* **TASK**: Output range, inclusive: from the line containing "Today, we delve" to the line containing "Finally, complete the". Restate those lines from the data below word for word and only those.
Start of DATA TO PROCESS
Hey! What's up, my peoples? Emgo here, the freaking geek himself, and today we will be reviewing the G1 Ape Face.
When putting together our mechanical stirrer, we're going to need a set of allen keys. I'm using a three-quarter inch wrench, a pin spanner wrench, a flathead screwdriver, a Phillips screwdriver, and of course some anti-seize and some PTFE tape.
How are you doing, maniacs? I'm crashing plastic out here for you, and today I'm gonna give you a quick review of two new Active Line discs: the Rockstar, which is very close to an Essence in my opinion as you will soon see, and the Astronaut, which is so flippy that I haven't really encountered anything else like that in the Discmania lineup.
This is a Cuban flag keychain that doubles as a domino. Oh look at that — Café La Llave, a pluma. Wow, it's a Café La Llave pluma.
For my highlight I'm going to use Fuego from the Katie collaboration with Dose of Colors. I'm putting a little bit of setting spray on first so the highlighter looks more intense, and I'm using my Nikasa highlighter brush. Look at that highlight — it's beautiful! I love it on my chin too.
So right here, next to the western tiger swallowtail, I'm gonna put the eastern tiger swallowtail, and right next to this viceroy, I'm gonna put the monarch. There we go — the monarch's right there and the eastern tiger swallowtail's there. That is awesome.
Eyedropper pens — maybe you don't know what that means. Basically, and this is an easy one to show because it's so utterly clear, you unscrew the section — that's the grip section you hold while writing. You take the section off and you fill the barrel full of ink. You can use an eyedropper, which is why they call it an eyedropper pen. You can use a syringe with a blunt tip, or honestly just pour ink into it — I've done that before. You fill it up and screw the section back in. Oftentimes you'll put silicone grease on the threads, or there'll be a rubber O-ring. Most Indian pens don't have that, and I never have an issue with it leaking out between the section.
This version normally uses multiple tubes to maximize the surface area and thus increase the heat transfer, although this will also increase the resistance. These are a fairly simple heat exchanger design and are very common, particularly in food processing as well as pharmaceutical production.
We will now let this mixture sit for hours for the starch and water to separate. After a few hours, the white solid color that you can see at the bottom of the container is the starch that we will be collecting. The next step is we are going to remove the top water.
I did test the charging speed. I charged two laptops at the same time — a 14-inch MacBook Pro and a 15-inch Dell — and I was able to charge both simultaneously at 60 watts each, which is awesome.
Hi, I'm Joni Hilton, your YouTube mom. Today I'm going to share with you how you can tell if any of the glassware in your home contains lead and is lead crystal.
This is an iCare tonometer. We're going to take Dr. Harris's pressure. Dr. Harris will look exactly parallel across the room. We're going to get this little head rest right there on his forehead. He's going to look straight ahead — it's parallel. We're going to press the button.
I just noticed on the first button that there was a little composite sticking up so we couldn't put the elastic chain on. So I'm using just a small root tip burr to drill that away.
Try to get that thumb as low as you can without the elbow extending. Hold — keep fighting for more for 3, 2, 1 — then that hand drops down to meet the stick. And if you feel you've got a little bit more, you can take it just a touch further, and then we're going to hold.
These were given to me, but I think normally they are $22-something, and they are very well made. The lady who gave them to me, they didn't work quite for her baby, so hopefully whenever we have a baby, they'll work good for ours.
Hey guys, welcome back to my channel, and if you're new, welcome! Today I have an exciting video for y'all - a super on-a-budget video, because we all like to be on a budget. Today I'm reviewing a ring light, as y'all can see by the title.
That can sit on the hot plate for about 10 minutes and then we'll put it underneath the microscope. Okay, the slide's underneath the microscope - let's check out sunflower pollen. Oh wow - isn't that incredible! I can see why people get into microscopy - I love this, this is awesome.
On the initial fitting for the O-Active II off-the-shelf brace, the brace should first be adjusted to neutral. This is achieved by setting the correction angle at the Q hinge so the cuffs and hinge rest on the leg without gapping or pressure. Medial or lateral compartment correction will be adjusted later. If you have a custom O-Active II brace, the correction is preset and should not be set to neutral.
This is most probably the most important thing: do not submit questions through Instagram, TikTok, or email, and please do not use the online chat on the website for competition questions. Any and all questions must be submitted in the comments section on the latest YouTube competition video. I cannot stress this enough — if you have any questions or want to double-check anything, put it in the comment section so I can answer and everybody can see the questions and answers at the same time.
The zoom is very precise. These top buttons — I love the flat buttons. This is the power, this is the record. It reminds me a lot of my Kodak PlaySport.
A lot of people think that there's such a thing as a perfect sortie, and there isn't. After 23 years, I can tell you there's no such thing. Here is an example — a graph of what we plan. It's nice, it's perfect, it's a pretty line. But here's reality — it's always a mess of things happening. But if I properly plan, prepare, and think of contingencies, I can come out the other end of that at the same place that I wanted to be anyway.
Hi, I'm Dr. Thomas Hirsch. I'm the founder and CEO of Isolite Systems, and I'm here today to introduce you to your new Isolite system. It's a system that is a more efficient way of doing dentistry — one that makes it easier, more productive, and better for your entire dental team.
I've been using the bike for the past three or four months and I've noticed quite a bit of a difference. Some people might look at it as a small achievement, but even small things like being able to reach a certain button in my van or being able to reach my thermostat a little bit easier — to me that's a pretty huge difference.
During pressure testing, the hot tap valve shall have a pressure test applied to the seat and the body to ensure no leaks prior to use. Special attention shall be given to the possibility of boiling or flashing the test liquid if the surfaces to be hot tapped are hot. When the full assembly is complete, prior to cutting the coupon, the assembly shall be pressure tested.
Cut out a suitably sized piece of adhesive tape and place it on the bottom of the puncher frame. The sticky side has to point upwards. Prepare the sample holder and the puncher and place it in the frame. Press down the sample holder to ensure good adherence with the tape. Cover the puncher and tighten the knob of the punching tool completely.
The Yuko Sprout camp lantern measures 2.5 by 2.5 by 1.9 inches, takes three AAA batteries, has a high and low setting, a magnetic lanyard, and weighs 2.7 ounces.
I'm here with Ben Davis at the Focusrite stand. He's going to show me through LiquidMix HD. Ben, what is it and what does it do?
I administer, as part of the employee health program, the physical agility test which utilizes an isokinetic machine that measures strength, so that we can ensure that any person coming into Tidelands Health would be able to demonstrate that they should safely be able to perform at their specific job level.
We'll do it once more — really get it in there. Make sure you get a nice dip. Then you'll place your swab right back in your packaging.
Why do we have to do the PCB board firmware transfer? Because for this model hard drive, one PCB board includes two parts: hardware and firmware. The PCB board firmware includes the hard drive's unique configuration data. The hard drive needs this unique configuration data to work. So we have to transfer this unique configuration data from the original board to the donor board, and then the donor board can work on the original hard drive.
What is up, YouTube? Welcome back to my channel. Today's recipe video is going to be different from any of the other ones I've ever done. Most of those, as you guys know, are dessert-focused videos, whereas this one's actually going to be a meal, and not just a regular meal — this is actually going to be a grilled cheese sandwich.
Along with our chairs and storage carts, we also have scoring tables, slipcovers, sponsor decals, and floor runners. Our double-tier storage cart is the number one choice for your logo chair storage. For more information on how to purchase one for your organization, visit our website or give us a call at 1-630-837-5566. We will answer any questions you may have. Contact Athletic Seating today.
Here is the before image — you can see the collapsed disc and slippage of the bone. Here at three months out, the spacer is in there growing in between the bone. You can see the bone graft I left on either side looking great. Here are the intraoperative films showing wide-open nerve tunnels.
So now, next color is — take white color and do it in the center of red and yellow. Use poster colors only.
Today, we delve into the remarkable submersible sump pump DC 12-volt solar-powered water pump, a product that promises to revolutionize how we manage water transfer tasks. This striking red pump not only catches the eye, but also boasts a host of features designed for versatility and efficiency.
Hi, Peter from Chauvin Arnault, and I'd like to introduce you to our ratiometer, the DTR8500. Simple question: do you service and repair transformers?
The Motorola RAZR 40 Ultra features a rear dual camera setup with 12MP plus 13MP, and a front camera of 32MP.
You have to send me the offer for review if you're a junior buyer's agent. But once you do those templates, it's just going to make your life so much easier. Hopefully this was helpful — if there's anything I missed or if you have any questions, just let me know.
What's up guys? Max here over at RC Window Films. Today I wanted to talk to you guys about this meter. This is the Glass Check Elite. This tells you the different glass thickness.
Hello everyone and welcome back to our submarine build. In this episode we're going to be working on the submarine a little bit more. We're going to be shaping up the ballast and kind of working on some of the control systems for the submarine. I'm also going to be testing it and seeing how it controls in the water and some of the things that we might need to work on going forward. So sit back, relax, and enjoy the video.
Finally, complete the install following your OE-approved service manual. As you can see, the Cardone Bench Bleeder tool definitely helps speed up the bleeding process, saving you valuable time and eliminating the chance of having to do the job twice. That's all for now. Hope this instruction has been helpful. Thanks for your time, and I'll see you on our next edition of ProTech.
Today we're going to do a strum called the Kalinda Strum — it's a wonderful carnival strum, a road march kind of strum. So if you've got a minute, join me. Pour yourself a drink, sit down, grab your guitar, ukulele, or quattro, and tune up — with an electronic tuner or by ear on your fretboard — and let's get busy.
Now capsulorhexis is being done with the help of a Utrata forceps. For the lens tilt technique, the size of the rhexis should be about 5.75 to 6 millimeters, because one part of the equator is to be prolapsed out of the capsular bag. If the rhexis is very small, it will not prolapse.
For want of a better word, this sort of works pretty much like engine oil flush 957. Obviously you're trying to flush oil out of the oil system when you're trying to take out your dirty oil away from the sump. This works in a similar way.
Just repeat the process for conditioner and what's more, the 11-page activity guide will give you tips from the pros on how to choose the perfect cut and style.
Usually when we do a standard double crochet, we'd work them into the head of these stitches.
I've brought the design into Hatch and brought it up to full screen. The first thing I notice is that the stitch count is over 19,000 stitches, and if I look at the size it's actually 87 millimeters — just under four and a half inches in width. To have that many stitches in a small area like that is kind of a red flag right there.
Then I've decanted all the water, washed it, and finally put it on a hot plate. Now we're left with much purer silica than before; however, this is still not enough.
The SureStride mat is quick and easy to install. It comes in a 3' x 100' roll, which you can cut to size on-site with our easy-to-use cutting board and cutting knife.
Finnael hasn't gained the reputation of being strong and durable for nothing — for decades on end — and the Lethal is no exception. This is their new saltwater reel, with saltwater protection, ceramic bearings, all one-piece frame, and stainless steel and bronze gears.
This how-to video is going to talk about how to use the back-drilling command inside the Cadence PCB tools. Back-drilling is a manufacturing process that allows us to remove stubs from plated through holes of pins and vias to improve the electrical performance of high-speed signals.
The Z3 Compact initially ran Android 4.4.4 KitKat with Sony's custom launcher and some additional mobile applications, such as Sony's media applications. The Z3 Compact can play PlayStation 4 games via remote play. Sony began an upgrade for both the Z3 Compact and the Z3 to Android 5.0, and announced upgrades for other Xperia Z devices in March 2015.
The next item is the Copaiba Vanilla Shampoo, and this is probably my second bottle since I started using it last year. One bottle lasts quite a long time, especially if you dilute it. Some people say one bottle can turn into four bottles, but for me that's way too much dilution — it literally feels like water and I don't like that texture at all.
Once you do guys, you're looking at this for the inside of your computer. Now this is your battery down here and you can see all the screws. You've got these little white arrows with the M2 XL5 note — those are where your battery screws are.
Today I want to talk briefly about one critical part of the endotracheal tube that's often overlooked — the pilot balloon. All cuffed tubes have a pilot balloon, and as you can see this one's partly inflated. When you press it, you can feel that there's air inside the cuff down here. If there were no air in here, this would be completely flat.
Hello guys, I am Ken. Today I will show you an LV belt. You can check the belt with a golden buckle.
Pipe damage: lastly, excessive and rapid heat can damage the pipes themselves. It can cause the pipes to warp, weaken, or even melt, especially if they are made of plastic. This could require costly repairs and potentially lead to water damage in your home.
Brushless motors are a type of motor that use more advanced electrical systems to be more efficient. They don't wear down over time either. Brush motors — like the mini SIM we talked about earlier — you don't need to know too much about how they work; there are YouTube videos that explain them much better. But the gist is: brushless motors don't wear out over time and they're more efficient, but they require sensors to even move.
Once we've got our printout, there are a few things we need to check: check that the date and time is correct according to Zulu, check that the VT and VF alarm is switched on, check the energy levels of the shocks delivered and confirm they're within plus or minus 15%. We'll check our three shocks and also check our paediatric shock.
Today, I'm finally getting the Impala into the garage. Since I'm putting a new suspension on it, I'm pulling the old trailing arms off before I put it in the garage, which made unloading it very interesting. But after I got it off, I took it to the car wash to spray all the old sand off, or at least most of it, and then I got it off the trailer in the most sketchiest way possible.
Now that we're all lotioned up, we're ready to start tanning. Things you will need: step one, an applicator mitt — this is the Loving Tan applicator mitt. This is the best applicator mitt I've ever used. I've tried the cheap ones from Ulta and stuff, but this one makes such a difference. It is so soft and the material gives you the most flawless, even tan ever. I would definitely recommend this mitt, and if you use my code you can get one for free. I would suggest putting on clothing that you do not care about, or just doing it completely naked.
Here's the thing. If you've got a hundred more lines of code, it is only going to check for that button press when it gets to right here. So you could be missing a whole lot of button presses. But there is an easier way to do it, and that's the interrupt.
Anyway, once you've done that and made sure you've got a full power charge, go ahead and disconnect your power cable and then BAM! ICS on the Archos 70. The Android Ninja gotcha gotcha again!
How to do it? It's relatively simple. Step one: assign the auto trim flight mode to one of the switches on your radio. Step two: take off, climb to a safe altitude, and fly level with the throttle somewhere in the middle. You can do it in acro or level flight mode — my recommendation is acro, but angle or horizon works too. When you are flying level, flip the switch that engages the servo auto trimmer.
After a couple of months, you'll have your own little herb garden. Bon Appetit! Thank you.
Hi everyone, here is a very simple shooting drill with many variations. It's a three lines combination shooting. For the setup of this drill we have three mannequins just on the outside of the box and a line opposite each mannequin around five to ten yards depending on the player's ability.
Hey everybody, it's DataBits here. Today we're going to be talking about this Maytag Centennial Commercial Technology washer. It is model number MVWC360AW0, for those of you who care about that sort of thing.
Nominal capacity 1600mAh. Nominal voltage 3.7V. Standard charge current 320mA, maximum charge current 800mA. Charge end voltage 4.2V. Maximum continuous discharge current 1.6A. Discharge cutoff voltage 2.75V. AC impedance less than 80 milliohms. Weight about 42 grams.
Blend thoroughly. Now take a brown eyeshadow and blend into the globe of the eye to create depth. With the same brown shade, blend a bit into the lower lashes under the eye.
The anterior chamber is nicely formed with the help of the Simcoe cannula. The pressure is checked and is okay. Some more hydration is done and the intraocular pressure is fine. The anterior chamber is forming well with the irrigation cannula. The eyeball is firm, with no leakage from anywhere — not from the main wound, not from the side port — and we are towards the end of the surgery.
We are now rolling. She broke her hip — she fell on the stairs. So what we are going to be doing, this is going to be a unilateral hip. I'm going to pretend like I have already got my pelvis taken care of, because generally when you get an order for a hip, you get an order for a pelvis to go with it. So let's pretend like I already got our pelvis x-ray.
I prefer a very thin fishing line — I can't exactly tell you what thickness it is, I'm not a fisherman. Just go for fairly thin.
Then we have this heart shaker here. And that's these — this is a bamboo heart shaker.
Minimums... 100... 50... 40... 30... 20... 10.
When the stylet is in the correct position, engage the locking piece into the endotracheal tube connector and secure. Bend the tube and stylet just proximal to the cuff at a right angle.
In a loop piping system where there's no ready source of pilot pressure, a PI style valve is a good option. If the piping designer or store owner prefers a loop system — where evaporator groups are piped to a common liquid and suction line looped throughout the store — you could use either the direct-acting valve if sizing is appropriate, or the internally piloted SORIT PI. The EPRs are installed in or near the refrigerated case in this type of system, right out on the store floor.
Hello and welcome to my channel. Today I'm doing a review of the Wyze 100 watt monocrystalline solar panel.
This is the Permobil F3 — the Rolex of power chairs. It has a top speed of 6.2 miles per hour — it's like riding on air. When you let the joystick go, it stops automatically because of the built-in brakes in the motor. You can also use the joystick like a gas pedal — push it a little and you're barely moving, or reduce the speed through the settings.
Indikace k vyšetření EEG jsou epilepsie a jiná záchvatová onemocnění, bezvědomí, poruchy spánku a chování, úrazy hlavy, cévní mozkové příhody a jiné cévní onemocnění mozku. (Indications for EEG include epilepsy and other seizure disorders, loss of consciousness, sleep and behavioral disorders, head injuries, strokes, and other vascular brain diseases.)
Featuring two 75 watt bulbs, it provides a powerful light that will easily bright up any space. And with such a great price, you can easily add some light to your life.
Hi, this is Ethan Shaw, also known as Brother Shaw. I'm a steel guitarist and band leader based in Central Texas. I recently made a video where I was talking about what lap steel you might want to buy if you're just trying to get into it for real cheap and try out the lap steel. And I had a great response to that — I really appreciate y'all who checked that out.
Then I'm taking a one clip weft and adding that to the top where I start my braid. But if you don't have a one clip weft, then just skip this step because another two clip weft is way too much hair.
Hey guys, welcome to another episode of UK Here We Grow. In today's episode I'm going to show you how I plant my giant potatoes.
End of DATA TO PROCESS
* **OUTPUT OF THE EXERCISE**:
Today, we delve into the remarkable submersible sump pump DC 12-volt solar-powered water pump, a product that promises to revolutionize how we manage water transfer tasks. This striking red pump not only catches the eye, but also boasts a host of features designed for versatility and efficiency.
Hi, Peter from Chauvin Arnault, and I'd like to introduce you to our ratiometer, the DTR8500. Simple question: do you service and repair transformers?
The Motorola RAZR 40 Ultra features a rear dual camera setup with 12MP plus 13MP, and a front camera of 32MP.
You have to send me the offer for review if you're a junior buyer's agent. But once you do those templates, it's just going to make your life so much easier. Hopefully this was helpful — if there's anything I missed or if you have any questions, just let me know.
What's up guys? Max here over at RC Window Films. Today I wanted to talk to you guys about this meter. This is the Glass Check Elite. This tells you the different glass thickness.
Hello everyone and welcome back to our submarine build. In this episode we're going to be working on the submarine a little bit more. We're going to be shaping up the ballast and kind of working on some of the control systems for the submarine. I'm also going to be testing it and seeing how it controls in the water and some of the things that we might need to work on going forward. So sit back, relax, and enjoy the video.
Finally, complete the install following your OE-approved service manual. As you can see, the Cardone Bench Bleeder tool definitely helps speed up the bleeding process, saving you valuable time and eliminating the chance of having to do the job twice. That's all for now. Hope this instruction has been helpful. Thanks for your time, and I'll see you on our next edition of ProTech.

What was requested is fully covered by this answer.